Requirement
Write out exactly the lines between the line containing "vidaXL Artificial Christmas" and the end of the records, counting both ends, and leave out all pictures.

Source information
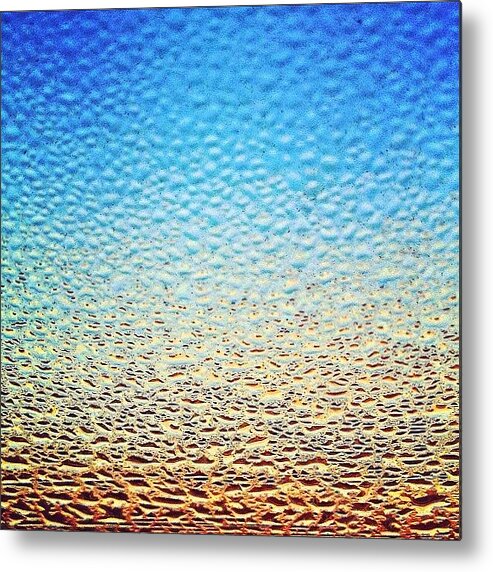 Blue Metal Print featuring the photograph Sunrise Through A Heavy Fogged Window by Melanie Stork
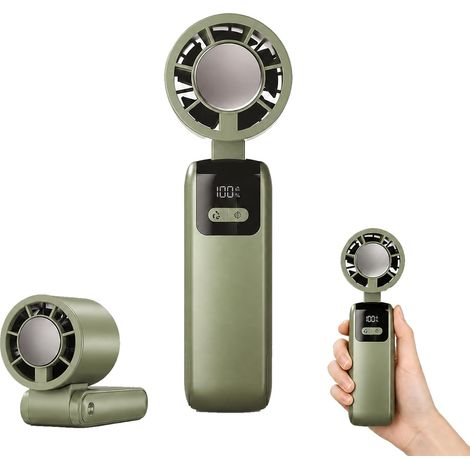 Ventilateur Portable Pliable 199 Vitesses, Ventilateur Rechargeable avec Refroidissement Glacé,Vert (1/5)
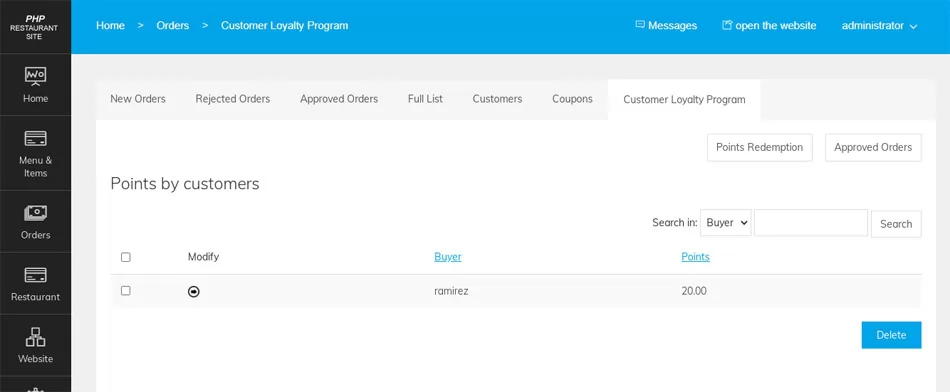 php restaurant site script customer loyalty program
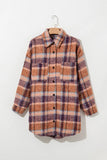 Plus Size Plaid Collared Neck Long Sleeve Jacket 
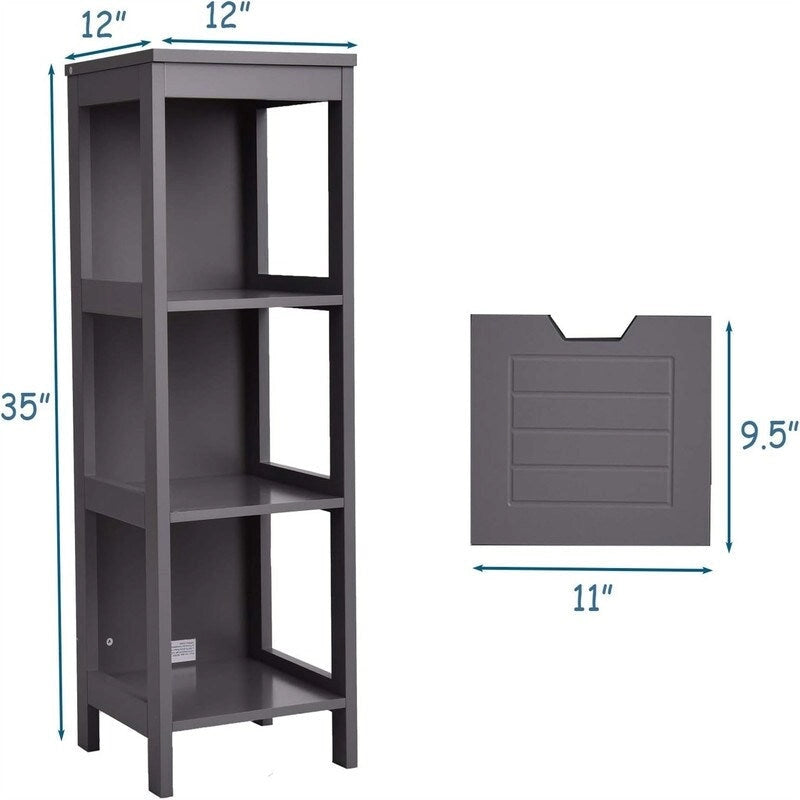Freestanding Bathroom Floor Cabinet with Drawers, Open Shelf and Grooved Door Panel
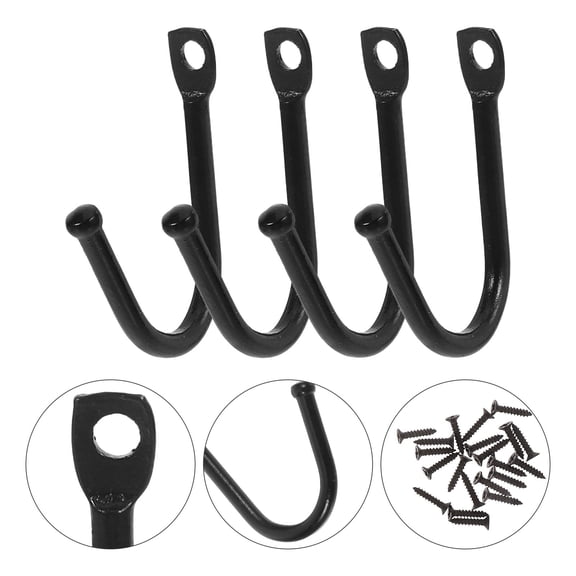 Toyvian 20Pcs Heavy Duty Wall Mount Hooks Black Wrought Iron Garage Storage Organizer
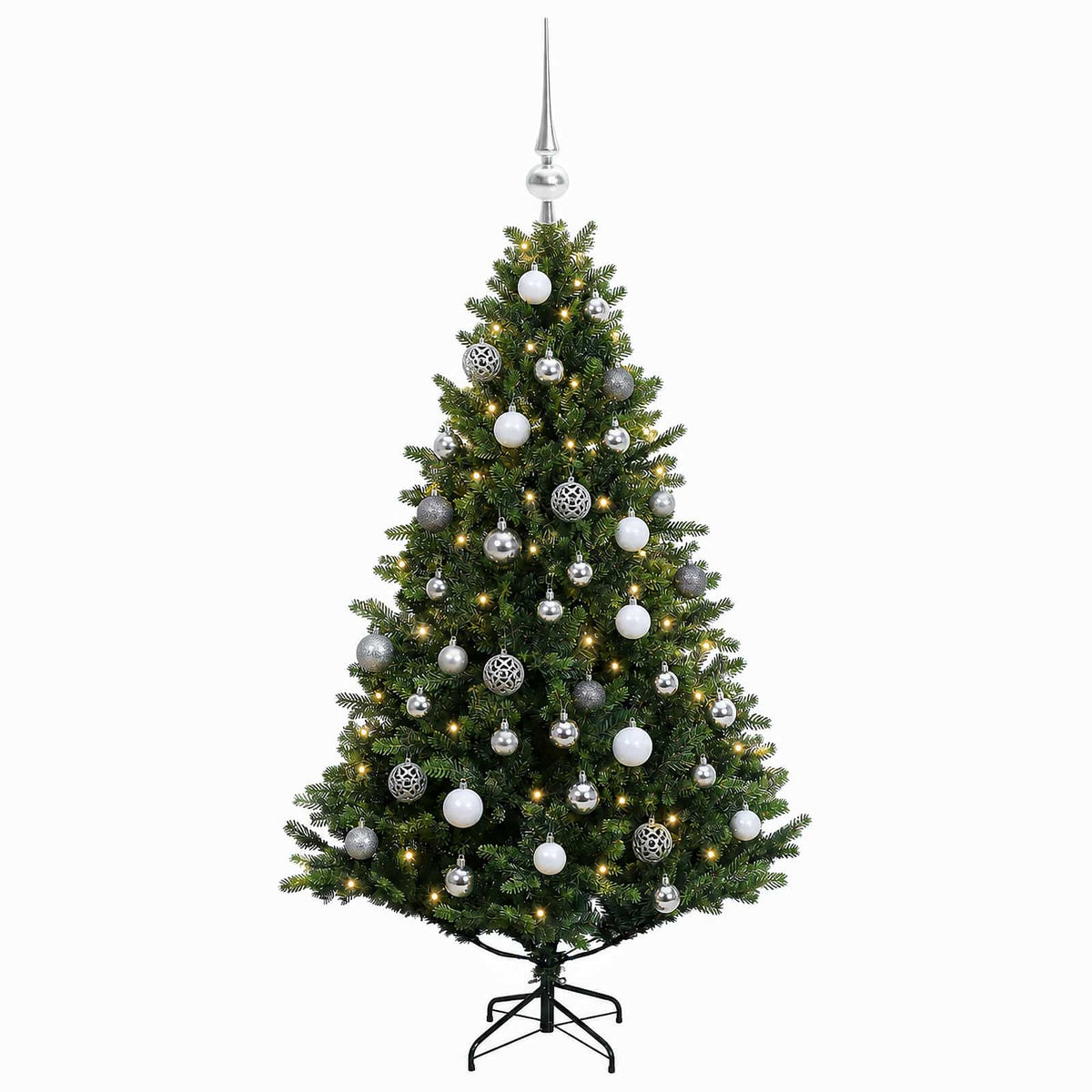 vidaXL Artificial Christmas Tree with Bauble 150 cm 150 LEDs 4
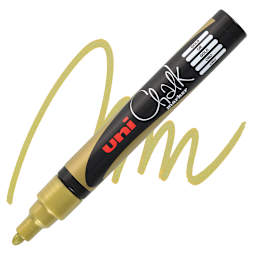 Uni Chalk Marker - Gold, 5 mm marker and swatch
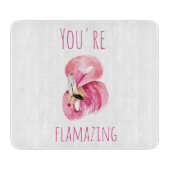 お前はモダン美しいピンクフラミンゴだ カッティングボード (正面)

Output for this task
 vidaXL Artificial Christmas Tree with Bauble 150 cm 150 LEDs 4
 Uni Chalk Marker - Gold, 5 mm marker and swatch
 お前はモダン美しいピンクフラミンゴだ カッティングボード (正面)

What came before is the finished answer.